Try it: Each record is to be given again precisely as written.

Items from a data source
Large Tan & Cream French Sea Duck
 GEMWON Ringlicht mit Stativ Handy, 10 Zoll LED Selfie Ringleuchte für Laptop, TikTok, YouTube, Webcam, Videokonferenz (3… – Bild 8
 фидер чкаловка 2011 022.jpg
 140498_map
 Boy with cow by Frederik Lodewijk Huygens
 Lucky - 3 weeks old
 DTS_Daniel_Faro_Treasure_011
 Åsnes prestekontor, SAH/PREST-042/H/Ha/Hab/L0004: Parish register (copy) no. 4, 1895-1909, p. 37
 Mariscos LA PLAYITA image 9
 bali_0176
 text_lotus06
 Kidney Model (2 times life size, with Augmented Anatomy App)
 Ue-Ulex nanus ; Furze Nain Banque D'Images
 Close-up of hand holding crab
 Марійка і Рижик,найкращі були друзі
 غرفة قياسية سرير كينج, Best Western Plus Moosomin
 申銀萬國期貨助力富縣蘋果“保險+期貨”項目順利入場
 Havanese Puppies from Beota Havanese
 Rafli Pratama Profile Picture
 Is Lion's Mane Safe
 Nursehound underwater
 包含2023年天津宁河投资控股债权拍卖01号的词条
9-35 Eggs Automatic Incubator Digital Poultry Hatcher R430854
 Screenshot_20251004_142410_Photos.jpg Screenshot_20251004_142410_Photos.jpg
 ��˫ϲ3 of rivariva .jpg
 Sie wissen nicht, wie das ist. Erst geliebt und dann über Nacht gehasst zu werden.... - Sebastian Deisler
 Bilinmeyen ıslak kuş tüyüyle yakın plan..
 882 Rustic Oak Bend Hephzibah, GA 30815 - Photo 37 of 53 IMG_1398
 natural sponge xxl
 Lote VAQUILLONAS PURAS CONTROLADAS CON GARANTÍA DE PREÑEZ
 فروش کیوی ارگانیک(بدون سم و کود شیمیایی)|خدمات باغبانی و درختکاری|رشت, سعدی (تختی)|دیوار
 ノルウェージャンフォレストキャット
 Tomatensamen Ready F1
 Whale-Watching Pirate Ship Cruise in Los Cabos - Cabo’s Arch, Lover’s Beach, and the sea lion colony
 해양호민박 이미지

Written answer:
Large Tan & Cream French Sea Duck
 GEMWON Ringlicht mit Stativ Handy, 10 Zoll LED Selfie Ringleuchte für Laptop, TikTok, YouTube, Webcam, Videokonferenz (3… – Bild 8
 фидер чкаловка 2011 022.jpg
 140498_map
 Boy with cow by Frederik Lodewijk Huygens
 Lucky - 3 weeks old
 DTS_Daniel_Faro_Treasure_011
 Åsnes prestekontor, SAH/PREST-042/H/Ha/Hab/L0004: Parish register (copy) no. 4, 1895-1909, p. 37
 Mariscos LA PLAYITA image 9
 bali_0176
 text_lotus06
 Kidney Model (2 times life size, with Augmented Anatomy App)
 Ue-Ulex nanus ; Furze Nain Banque D'Images
 Close-up of hand holding crab
 Марійка і Рижик,найкращі були друзі
 غرفة قياسية سرير كينج, Best Western Plus Moosomin
 申銀萬國期貨助力富縣蘋果“保險+期貨”項目順利入場
 Havanese Puppies from Beota Havanese
 Rafli Pratama Profile Picture
 Is Lion's Mane Safe
 Nursehound underwater
 包含2023年天津宁河投资控股债权拍卖01号的词条
9-35 Eggs Automatic Incubator Digital Poultry Hatcher R430854
 Screenshot_20251004_142410_Photos.jpg Screenshot_20251004_142410_Photos.jpg
 ��˫ϲ3 of rivariva .jpg
 Sie wissen nicht, wie das ist. Erst geliebt und dann über Nacht gehasst zu werden.... - Sebastian Deisler
 Bilinmeyen ıslak kuş tüyüyle yakın plan..
 882 Rustic Oak Bend Hephzibah, GA 30815 - Photo 37 of 53 IMG_1398
 natural sponge xxl
 Lote VAQUILLONAS PURAS CONTROLADAS CON GARANTÍA DE PREÑEZ
 فروش کیوی ارگانیک(بدون سم و کود شیمیایی)|خدمات باغبانی و درختکاری|رشت, سعدی (تختی)|دیوار
 ノルウェージャンフォレストキャット
 Tomatensamen Ready F1
 Whale-Watching Pirate Ship Cruise in Los Cabos - Cabo’s Arch, Lover’s Beach, and the sea lion colony
 해양호민박 이미지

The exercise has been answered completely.